-- EXCERPTED DATA follows --

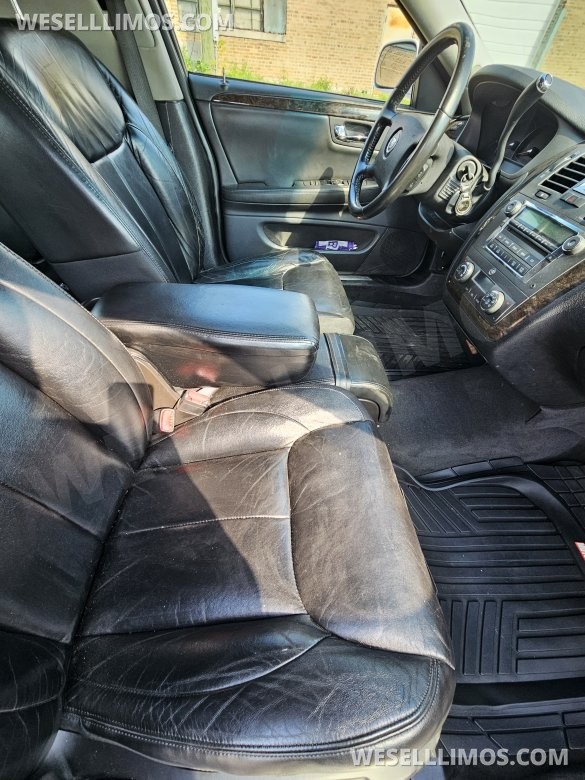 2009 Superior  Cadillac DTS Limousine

-- EXCERPTED DATA concluded --
-- EXCERPTED DATA follows --

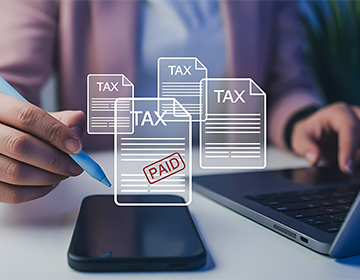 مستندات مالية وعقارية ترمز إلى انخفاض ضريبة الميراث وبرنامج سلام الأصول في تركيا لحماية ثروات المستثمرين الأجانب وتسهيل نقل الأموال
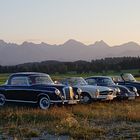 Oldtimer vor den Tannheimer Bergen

-- EXCERPTED DATA concluded --
-- EXCERPTED DATA follows --

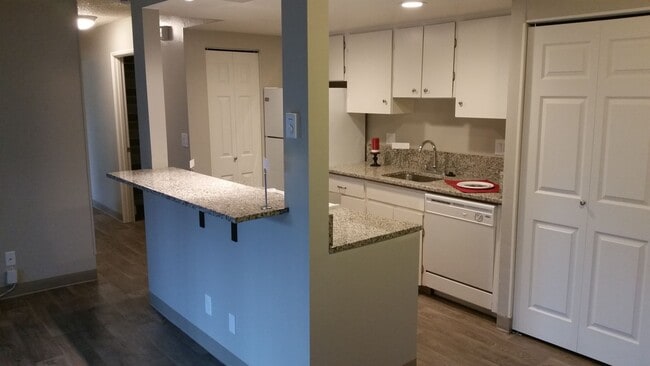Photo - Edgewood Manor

-- EXCERPTED DATA concluded --

WHAT THE TASK REQUIRES >> When you reach the line with "مستندات مالية وعقارية" in the records above, begin repeating the lines exactly, and stop after the line with "Oldtimer vor den Tannheimer Bergen". Skip all pictures.

SOLUTION TO THIS TASK >>
 مستندات مالية وعقارية ترمز إلى انخفاض ضريبة الميراث وبرنامج سلام الأصول في تركيا لحماية ثروات المستثمرين الأجانب وتسهيل نقل الأموال
 Oldtimer vor den Tannheimer Bergen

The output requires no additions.